**What the task requires:** When you reach the line that contains "2026 Jeep Grand", begin copying exactly, and continue through the last line of the data; no pictures belong in the copy.

**Supplied records:**
────────────────────────────────────────

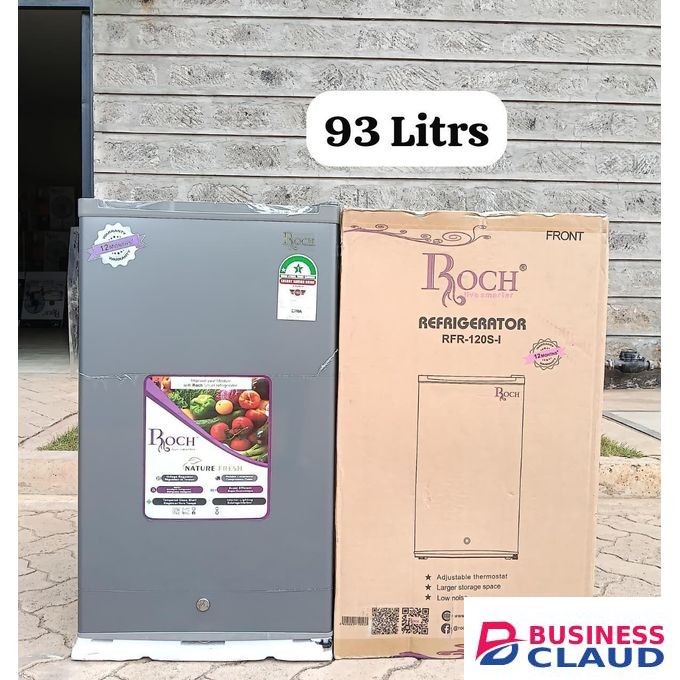 Roch Single Door Refrigerator – 95 Litres Capacity (Model RFR-120-S-I)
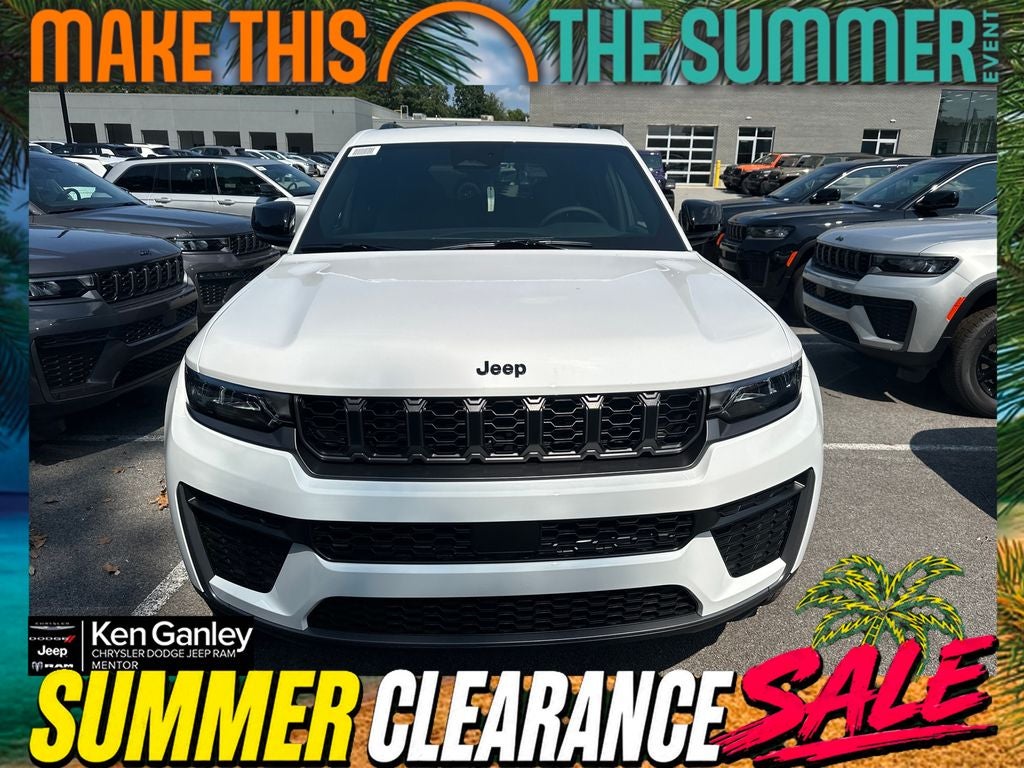 2026 Jeep Grand Cherokee GRAND CHEROKEE LAREDO ALTITUDE 4X4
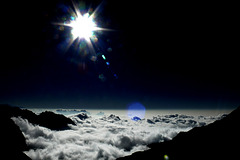 De Laurebina Pass (4610 m)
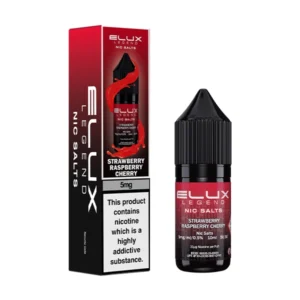Strawberry Raspberry Cherry ELUX Legend Nicotine Salts 5mg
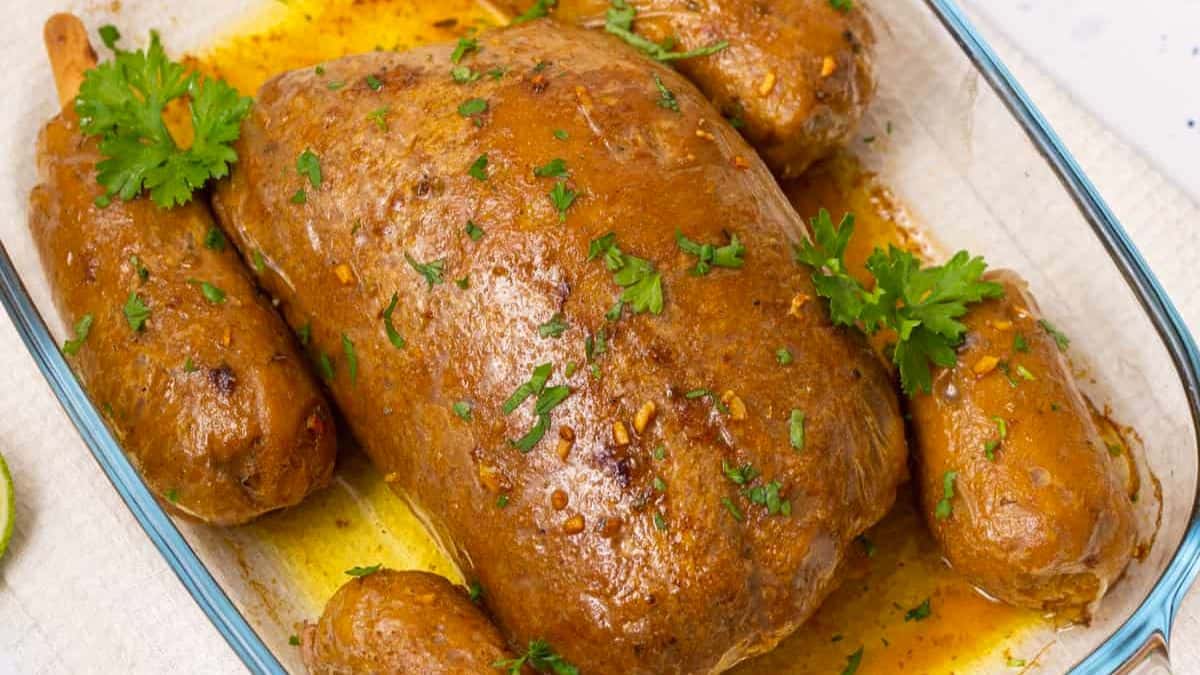 Rôti de Dinde Végétalien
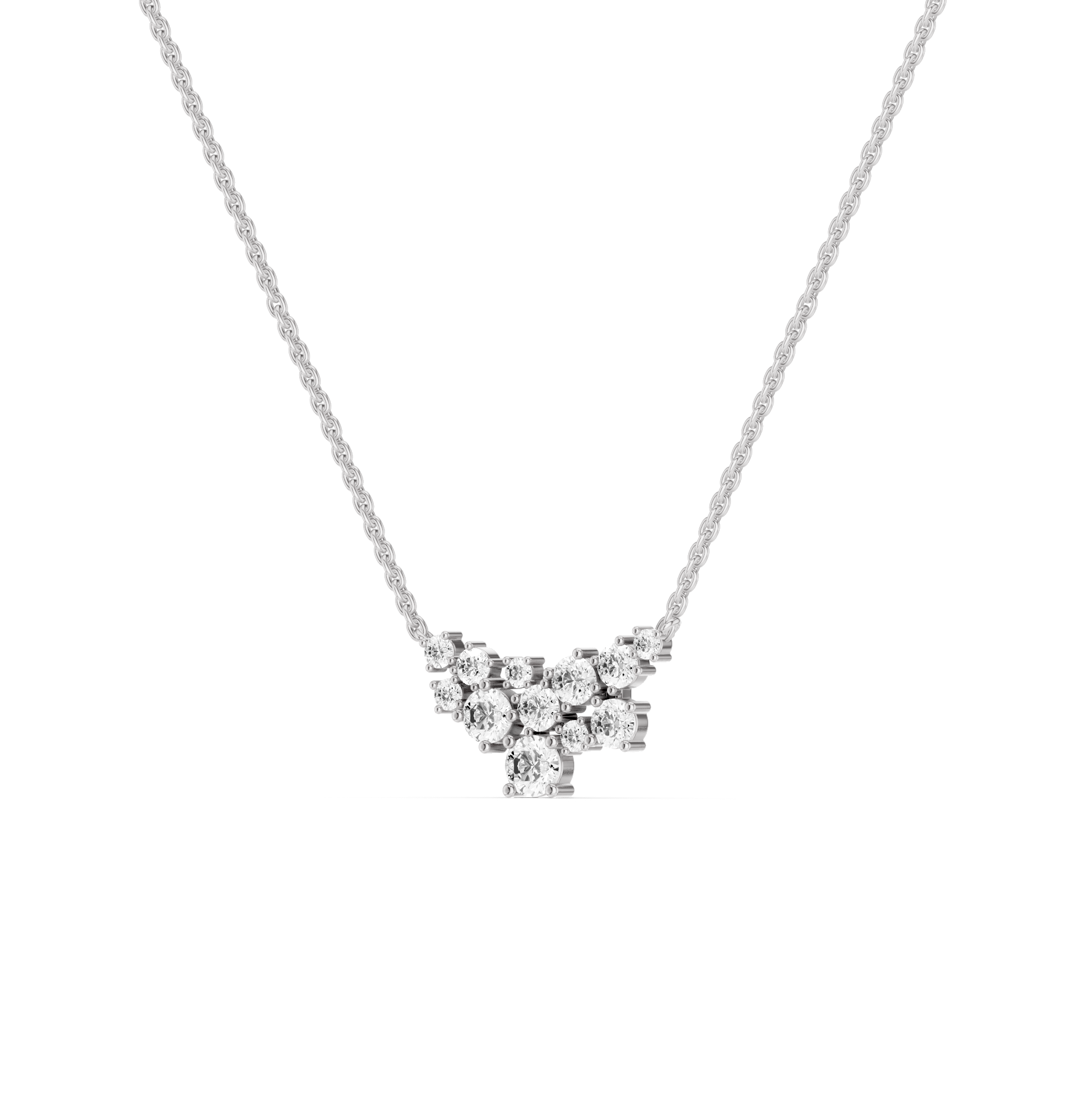 The Aurithé Lab Grown Diamond Pendant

────────────────────────────────────────

**Result below:**
 2026 Jeep Grand Cherokee GRAND CHEROKEE LAREDO ALTITUDE 4X4
 De Laurebina Pass (4610 m)
Strawberry Raspberry Cherry ELUX Legend Nicotine Salts 5mg
 Rôti de Dinde Végétalien
 The Aurithé Lab Grown Diamond Pendant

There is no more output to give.